Somalia had scheduled elections for legislators before the end of this year, to replace MPs whose term ends at the end of October. The country was expected to elect a federal president before the end of February. All these have been uncertain as to the clock ticks.

But in a span of one month, both Khaire and President Mohamed Farmaajo have told the public that elections will be on time and as representative as possible.  Both pledges are welcome. The missing point, however, is which model will be held this time, in time.

This week, one expected meeting between Farmaajo and federal member states failed to take place. From the look of things, there was a huge gap of trust between stakeholders, ruining any chances of a meeting that would have attempted to answer this question.

What we were left with was a conference of federal member state presidents. By the time of going to press, there was no dispatch on a declaration issued by the federal state leaders yet. All expectations were that there could be some sort of consensus, given the public show of camaraderie among the regional leaders as they touched down in Dhusamareb, Galmudug state.

Those types of meetings, as we have indicated in the past on this platform, are useful as they could break the ice on communication channels. As it is, Somalia doesn’t have time. The National Independent Electoral Commission recently shocked the public by admitting it neither had the time nor the money nor the legal regime to conduct elections.

Chairperson Halima Ismail pleaded for 13 more months and asked that electoral laws be passed as fast. The Commission has proposed a budget of $53 million to run elections.

Still, there is no consensus on whether the Commission can pull off a good quality election if these needs are given. This brings us to the question of whether an election delay is necessary.

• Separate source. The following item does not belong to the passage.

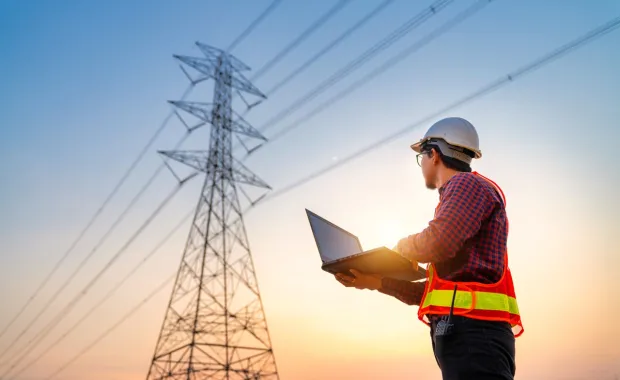 Engineer looks up at pylon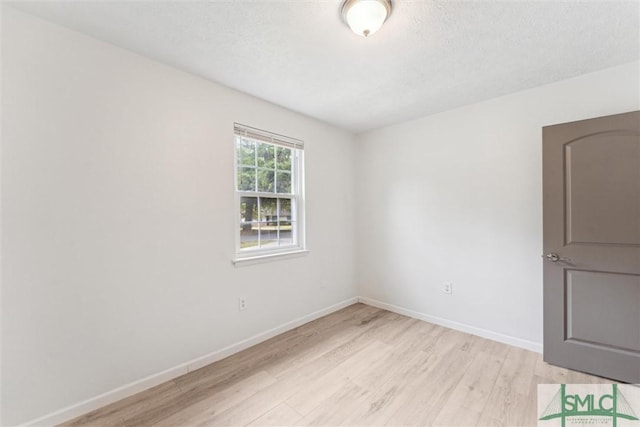 unfurnished room with a textured ceiling, light wood-type flooring, and baseboards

Some experts have cautiously observed that a proper election is sensible in two years, saying the extension needed by NIEC will still be insufficient. And miffed at the suggestion to delay polls, opposition leaders and federal state presidents, especially Puntland and Jubaland, have warned a delay will be unacceptable.

In short, most stakeholders if not all, agree that delayed elections would be bad for the country. They also agree that elections held within scheduled time will require consensus. On Thursday, President Farmaajo endorsed Khaire’s statement, expressing his willingness to see elections based on the constitution.

Based on that kind of standpoint, we would like to challenge leaders from Villa Somalia to the smallest political party to act on these convictions. It is one thing to seek timely elections, it is another to support a program that will actualize that thought.

In Somalia, the conductor of elections is the NIEC which has been lethargic about planning for elections. The Commission has blamed every other stakeholder, except itself. So why can’t Somali leaders ensure that the Commission has itself to blame?

It can begin with a joint declaration, say between Villa Somalia and federal states, a commitment to support the Commission on all levels it needs. Then Somalia can sit back and wait to see if the NIEC can do duty.

There are many problems in Somalia at the moment including the spread of Covid-19, security challenges, and a spiraling economy. But it appears whether to hold elections that are inclusive and on time, isn’t a problem at all.